Nxf1 natural variant E610G is a semi-dominant suppressor of IAP-induced RNA processing defects.

• Main Authors: Dorothy Concepcion, Kevin D Ross, Kasey R Hutt, Gene W Yeo, Bruce A Hamilton
• Format: Article
• Language: English
• Published: Public Library of Science (PLoS) 2015-04-01
• Series: PLoS Genetics
• Online Access: http://europepmc.org/articles/PMC4383553?pdf=render

Endogenous retroviruses and retrotransposons contribute functional genetic variation in animal genomes. In mice, Intracisternal A Particles (IAPs) are a frequent source of both new mutations and polymorphism across laboratory strains. Intronic IAPs can induce alternative RNA processing choices, including alternative splicing.

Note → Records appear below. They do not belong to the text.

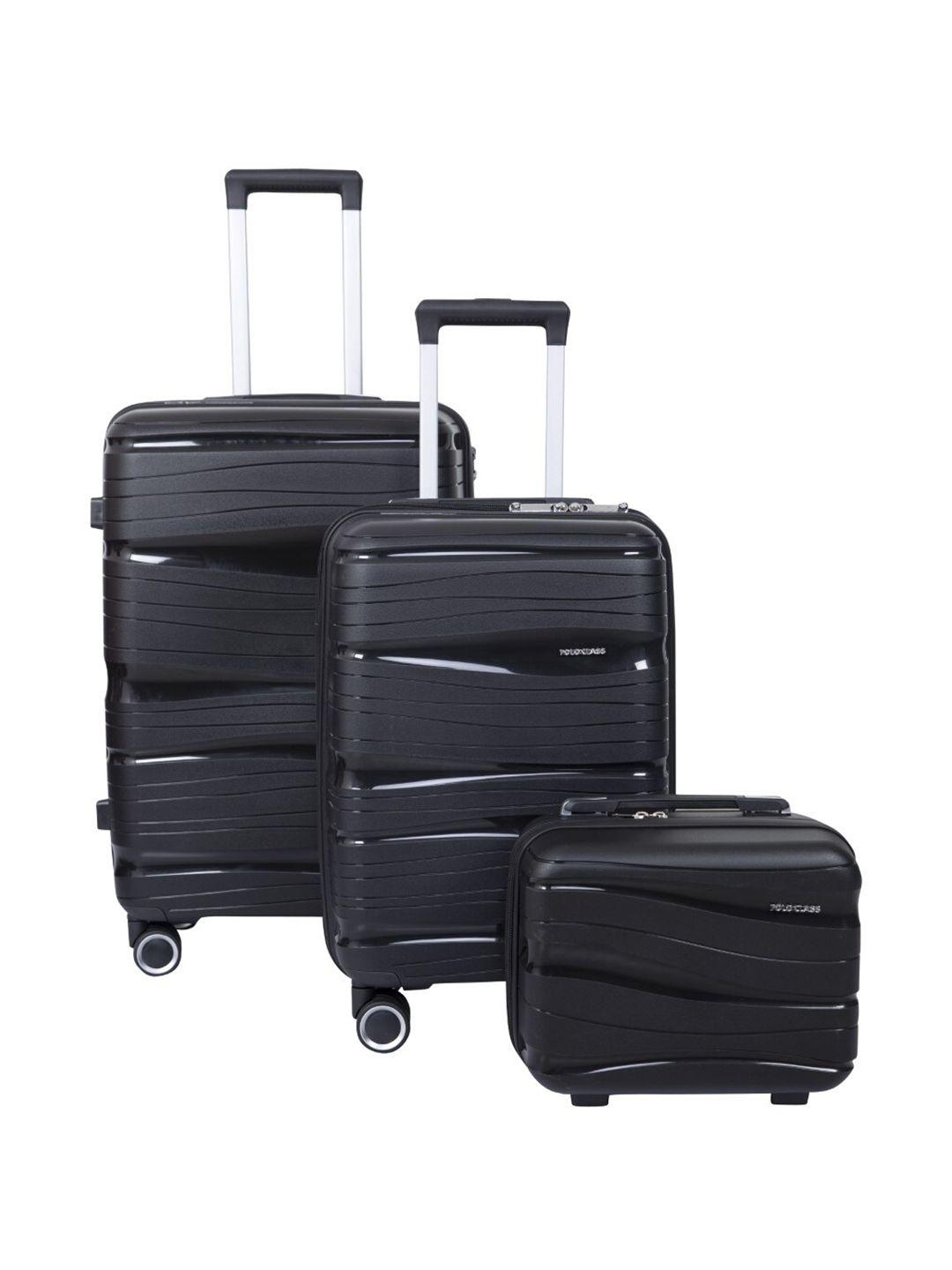 polo class set of 3 hard sided large trolly bags & vanity bag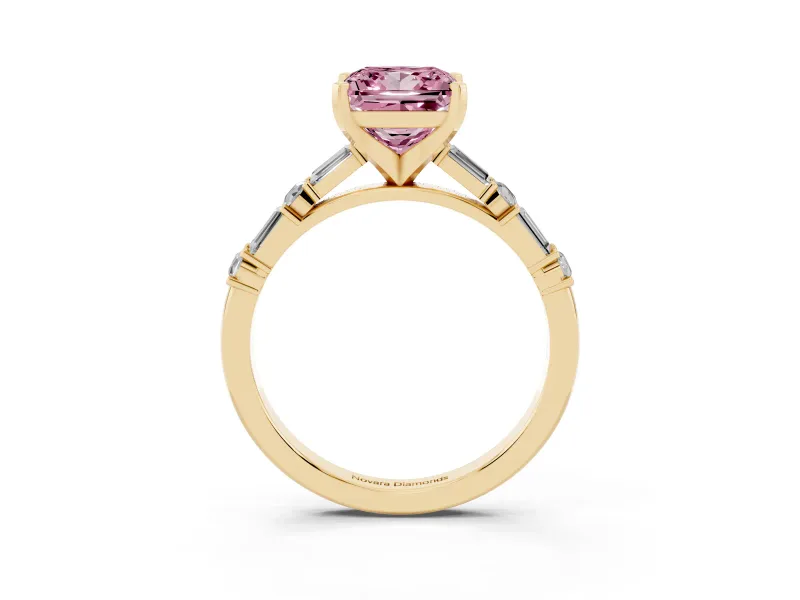 Fancy Pink Princess Cut Diamond Solitaire Set in Yellow gold with Side Baguettes and Channel Set Band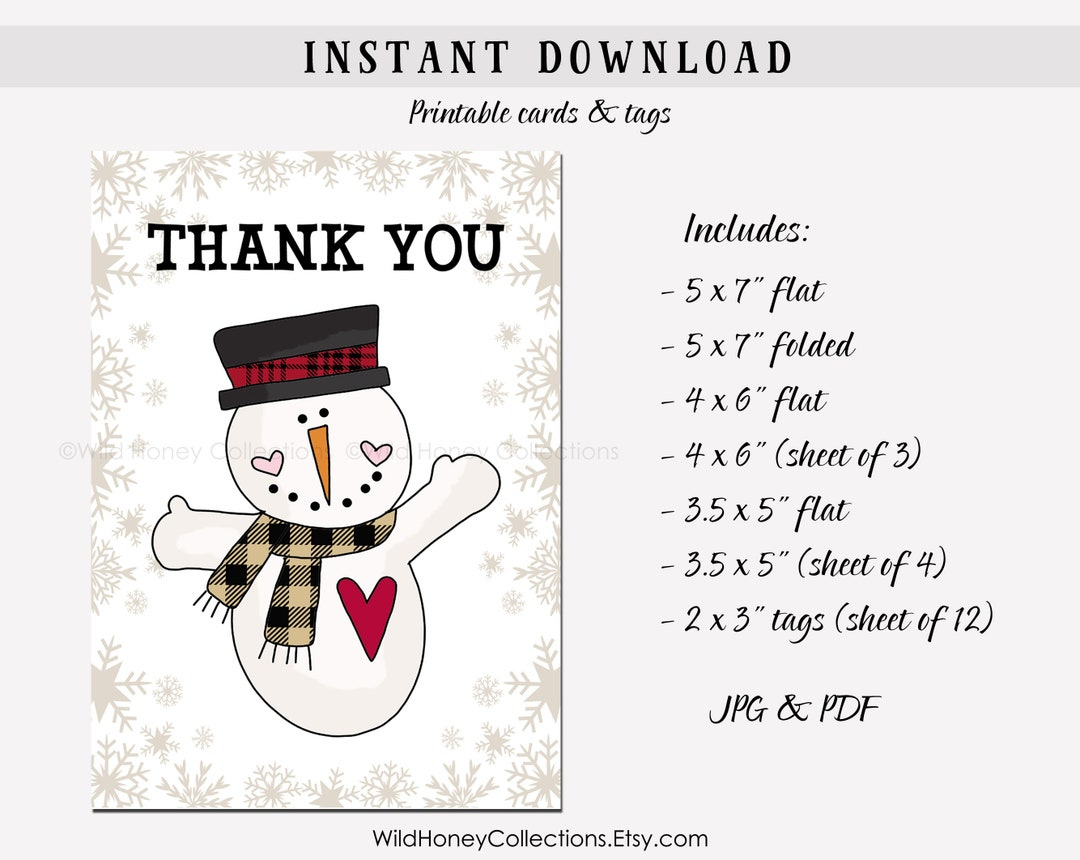 Printable Snowman Thank You Card &amp;amp; Tags: Winter Design (Digital pertaining to Winter Thank You Cards Printable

We previously showed IAP I∆1 subfamily insertional mutations are suppressed by a wild-derived allele of the major mRNA export factor, Nxf1. Here we show that a wider diversity of IAP insertions present in the mouse reference sequence induce insertion-dependent alternative processing that is suppressed by Nxf1CAST alleles. These insertions typically show more modest gene expression changes than de novo mutations, suggesting selection or attenuation. Genome-wide splicing-sensitive microarrays and gene-focused assays confirm specificity of Nxf1 genetic modifier activity for IAP insertion alleles. Strikingly, CRISPR/Cas9-mediated genome editing demonstrates that a single amino acid substitution in Nxf1, E610G, is sufficient to recreate a quantitative genetic modifier in a co-isogenic background.